*** INPUT MATERIAL ***

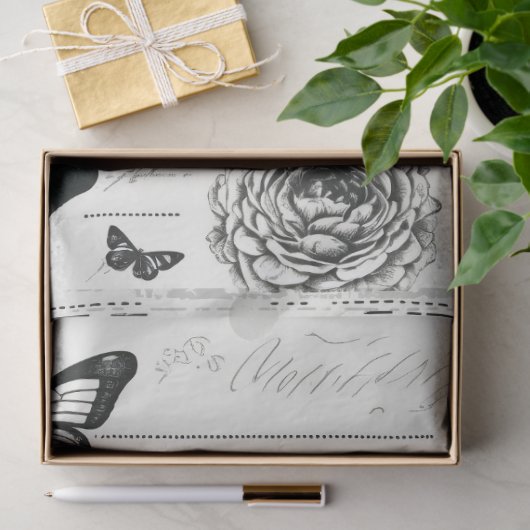 Schmetterling Retro ephemera schwarz-weiß Seidenpapier (Geschenk)
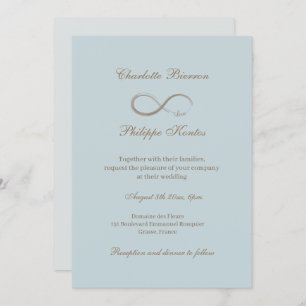 Infinity Sign Dusty Blue Gray Hochzeit Einladung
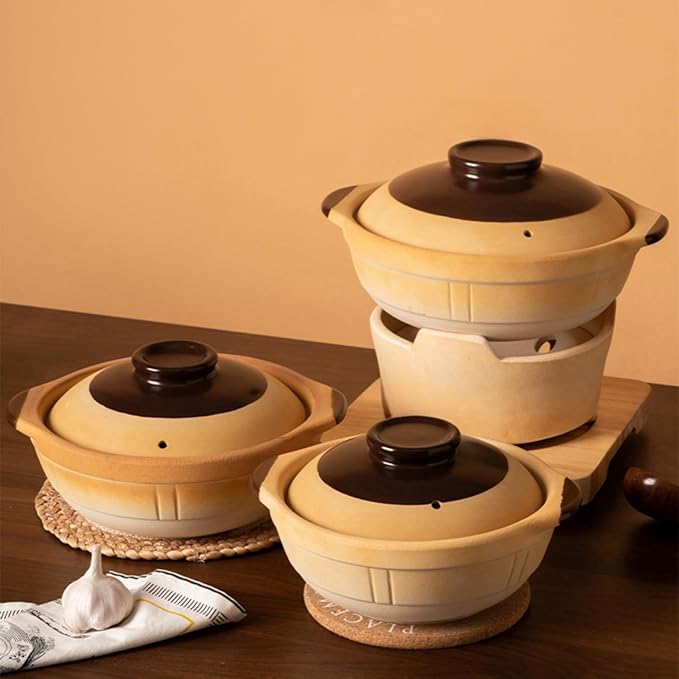 XICHENGSHIDAI Ceramic Casserole Stew Pot with Lid, Chinese Clay Pot Rice, Stockpot Cookware
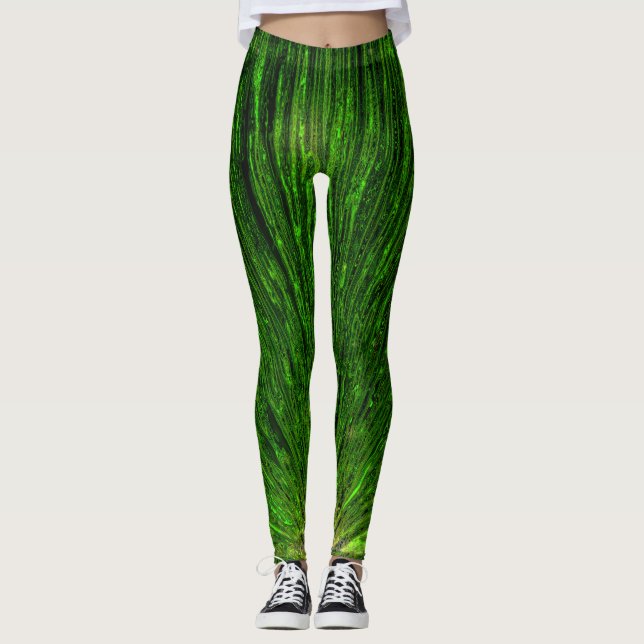classy elegant tropical forest abstract palm leaf  leggings (Front)
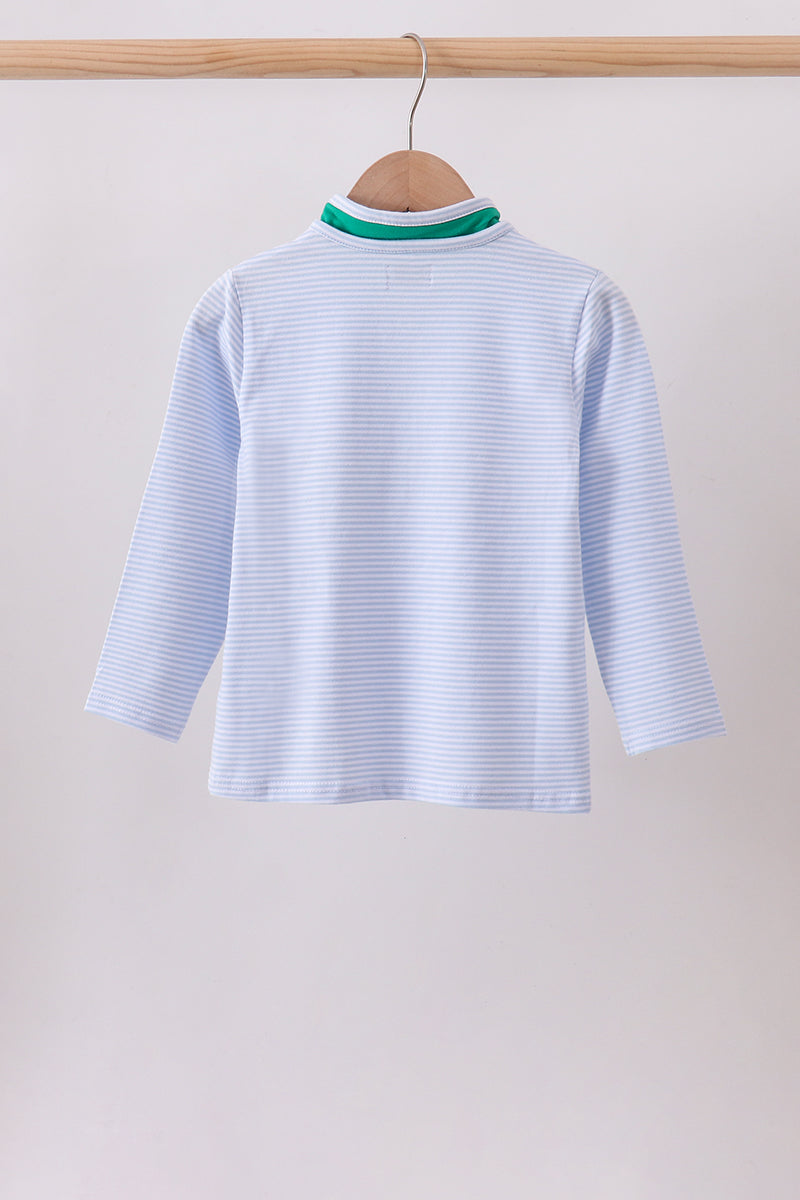 Blue Stripe Duck Embroidery Pullover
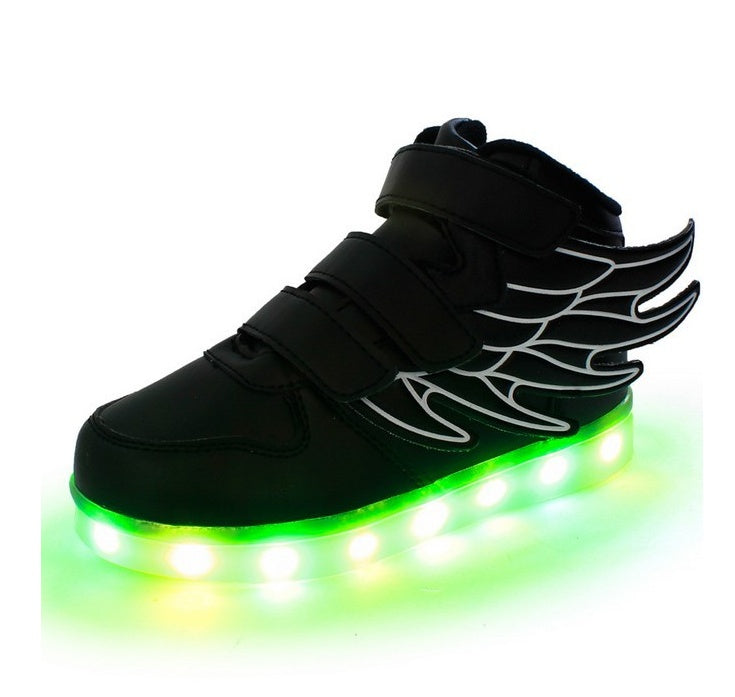 Children's led light shoes with wings and usb charging colorful luminous  Sneakers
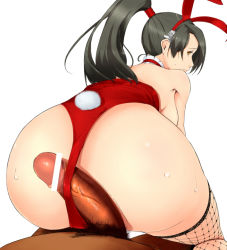 1girl animal_ears ass bad_id bad_pixiv_id bent_over black_hair breasts brown_eyes buttjob buttjob_under_clothes censored dark-skinned_male dark_penis dark_skin fake_animal_ears fishnets hawoku_ishibare huge_ass interracial large_breasts leotard long_hair looking_back momiji_(ninja_gaiden) ninja_gaiden ninja_gaiden:_dragon_sword penis penis_under_another&#039;s_clothes playboy_bunny ponytail pov rabbit_ears red_leotard solo_focus sweat thighhighs rating:Explicit score:58 user:danbooru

*** End of INPUT MATERIAL ***

▶ _THE TASK_
Precisely those lines above that run from the line with "Infinity Sign Dusty" up to and including the line with "Children's led light" are to be set down, with the pictures omitted.

▶ _TASK SOLUTION_
 Infinity Sign Dusty Blue Gray Hochzeit Einladung
 XICHENGSHIDAI Ceramic Casserole Stew Pot with Lid, Chinese Clay Pot Rice, Stockpot Cookware
classy elegant tropical forest abstract palm leaf  leggings (Front)
 Blue Stripe Duck Embroidery Pullover
 Children's led light shoes with wings and usb charging colorful luminous  Sneakers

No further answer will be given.